A TVI conseguiu chegar a muitos dos processos clínicos destas pessoas, que não vai identificar, e verificou que os doentes, quase todos os que chegaram da Santa Casa, sofrem de problemas muito semelhantes: são homens e mulheres muito debilitados, magros, alguns muito desnutridos, apesar de terem uma sonda naso-gástrica para alimentação.

Nestas fichas clínicas sublinha-se também que quase todos os doentes chegaram às urgências muito desidratados.

É um quadro cheio de alertas para tratamentos negligentes, para cuidados muito precários, encontrados também este ano em utentes da Santa Casa da Misericórdia de Ponta Delgada. Quatro destes casos foram denunciados ao Ministério Público de Ponta Delgada.

Aliás, a Justiça está carregada de denúncias com acusações à Santa Casa de Ponta Delgada. A primeira chegou em 2015 e a última é a da agressão ao Sr. António, a 11 de junho deste ano.
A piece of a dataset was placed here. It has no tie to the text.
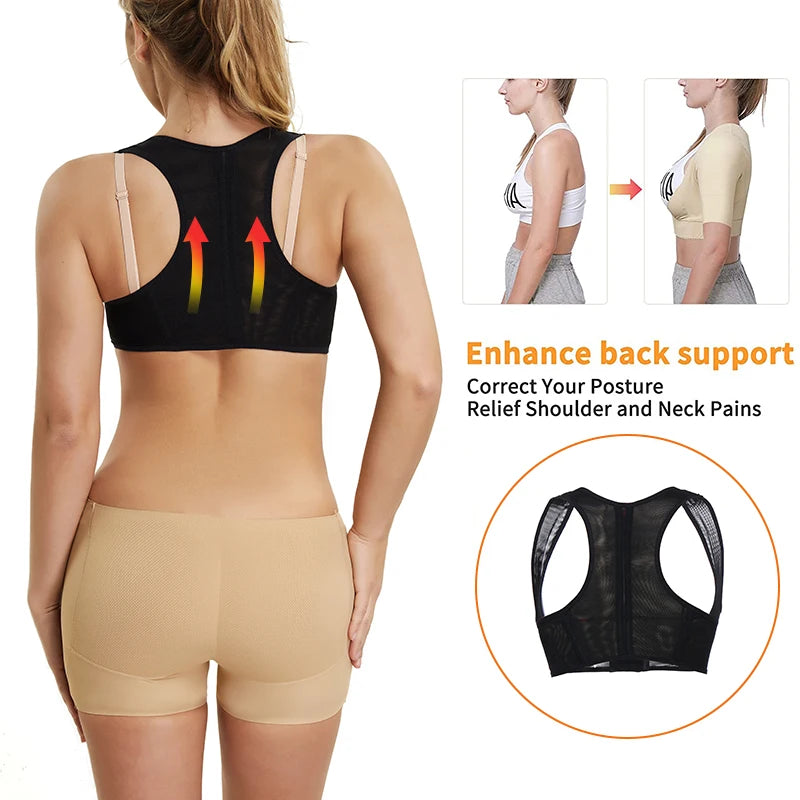 Push Up Bra Support Women Chest Brace Up Posture Corrector Shapewear Top Cropped Vest Back Compression Surgical Slimmer Band 3XL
A TVI pediu para consultar o processo, o que foi recusado, apesar de não estar em segredo de justiça.

Mas, pela resposta, ficámos também a saber que há três processos que correm em separado e que as dezenas de denúncias apresentadas pela Rede de Cuidados Continuados, em 2016, estão em fase inicial de investigação.

O "quarto da morte"

Os utentes que acabaram por morrer no hospital escaparam ao “quarto da morte” da Misericórdia de Ponta Delgada. Um espaço hoje desativado, mas que mantém este mesmo aspeto frio e desumano. O “quarto da morte” serve, agora, de arrumação. Durante anos, os doentes eram atirados para aqui. Morriam sozinhos, abandonados, para não incomodarem ninguém.

Era um quarto que, quando o doente estava para morrer, colocavam o doente separado dos outros. Num quarto sozinho, que era extremamente gelado e desumano, e ficava lá aquela pessoa para falecer, para não estar junto dos outros utentes”, revela uma antiga funcionária.

Confrontada com os factos, a Santa Casa da Misericórdia de Ponta Delgada não dá explicações. Nem promete mudar. O Estado tem a responsabilidade social de assegurar um final de vida digno para todos. Se o Estado não defende os idosos quem o vai fazer?

O Governo Regional dos Açores tem-se mostrado surdo e mudo. Foi assim até agora. Manter-se-á assim até quando?

E a Justiça? Estará ela a cumprir o seu papel de assegurar os direitos humanos a quem trabalhou uma vida toda?